Today, I’m glad to report that she no longer has those same anger issues, but it wasn’t easy dealing with those issues that came after the attack. After one of the school shootings we were talking and she added that she felt torn in some of the cases. She said she felt horrible about the people who died, but that she also felt bad for the person who was bullied. As a parent that watched my daughter go through so many different emotions in regards to her incident, I think it gives me a unique outlook.

My daughter didn’t shoot up a school, yet she did try to hurt her sister. Luckily, I worked in mental health, I knew the warning signs, I knew the right people, and I was able to focus entirely on her healing.

However, I do not know what I would have done, if I didn’t know some of the things that I knew at that time. Ariana was dealing with a range of emotions that we knew nothing of and most importantly we couldn’t relate to her on those levels. So, it was a lot of redirecting negative behavior and replacing negative feelings with her love for cooking. I think we went broke that year! We have to do something about bullying because it produces rage. I wasn’t going to let that rage take over my child.
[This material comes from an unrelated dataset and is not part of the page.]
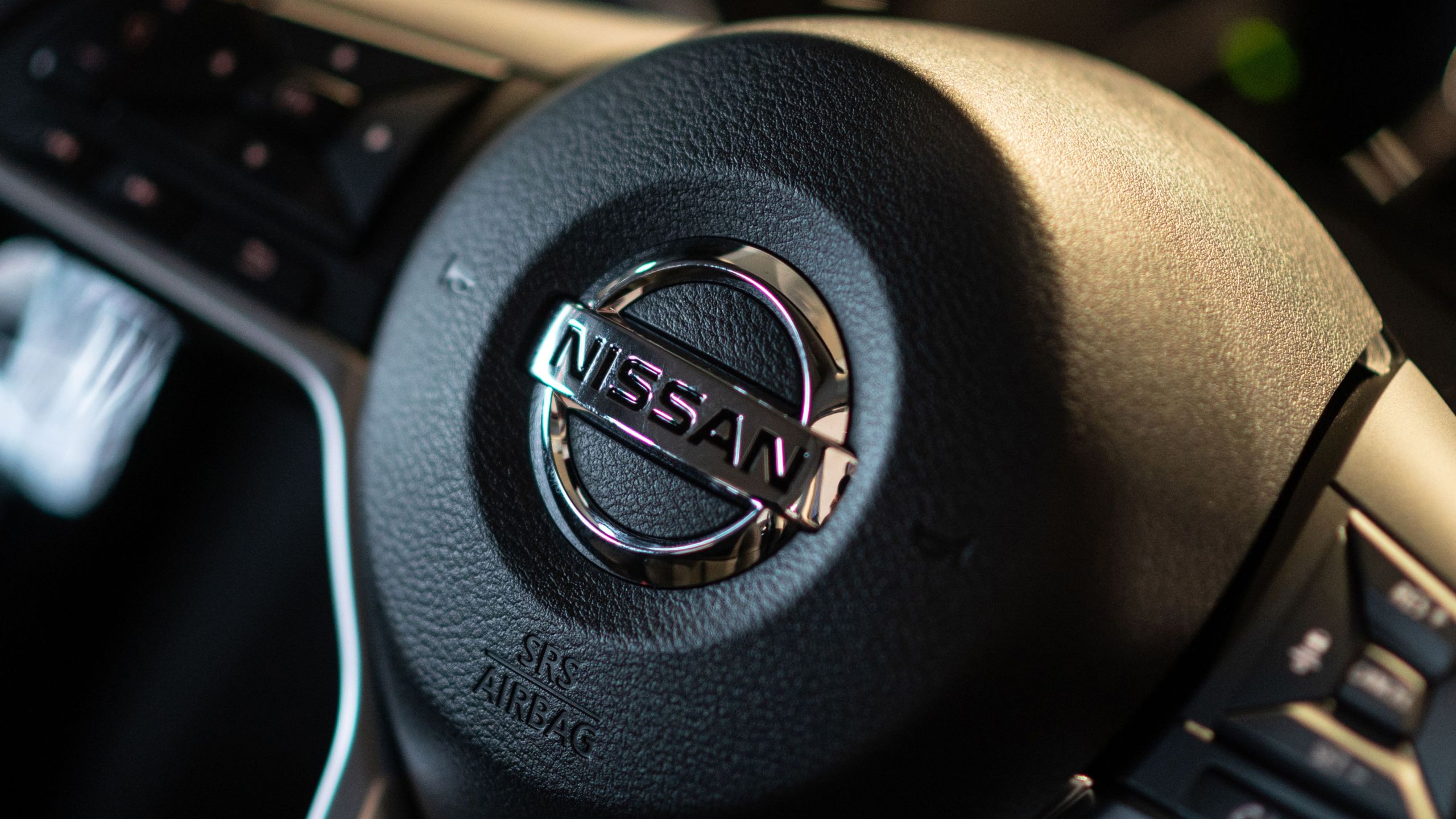 The Nissan logo is seen on a car at the showroom at the company's global headquarters in Yokohama, Kanagawa prefecture on November 12, 2020. (Philip Fong/AFP via Getty Images)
My daughter is now almost 18 and I can tell you that we haven’t had an episode in about three years. She has been able to make a few friends, and she’s now being a normal kid.

She told me recently that she still can’t help but think about that day from time to time, but that she’s not mad about it anymore. I know we want to make these issues about gun control, but it’s about so much more. The true weapon is bullying and it can cause mass causalities or a single fatality. We are seeing too many children commit suicide and harm each other over the feelings associated with bullying. It’s time to have real conversations about the need to revamp how schools keep records in regards to bullying.

Ariana today.

We need to hold the schools more accountable and in some cases the parents as well. After Ariana was attacked, I didn’t hear from not one of the children’s parents which is even sadder. We can do so much better.

The Dangers Of Keeping A Child In A Volatile Situation

Often times we divorce our spouses if the situation becomes too volatile. However, how many of us move our children away from bullying situations when they become volatile? As a mother of a child who suffered from extreme bullying, I would warn you about keeping that child in the same school. Right after my daughter’s attack we moved her away from the school, but when she started middle school the next school year the girls all filtered into that school. The counselors at the school were a complete joke. They told me that my daughter was no longer getting bothered and that they even called the children into the office to see if anyone was talking to her.

One morning I watched Ariana from the corner of my eye silently cry as we drove her to school. Something just told me to not go home so I waited. After a few minutes I drove around and then I found her hiding in between two buildings with her books pressed up against her chest. She was in a tight spot crying and scared to move. I got her attention and told her to come here. She walked to the car with tears still running down her cheek and talked about being sorry. She said she just couldn’t face anyone it was too much. I nodded and told her to get back into the car and we drove around the school and then I enrolled her out. I enrolled her in a private school a few miles down the street. She was loved at the school and did really well. She was a favorite in her French class and was well liked by many of her teachers, but there was the issue of interacting with children that still needed to be dealt with.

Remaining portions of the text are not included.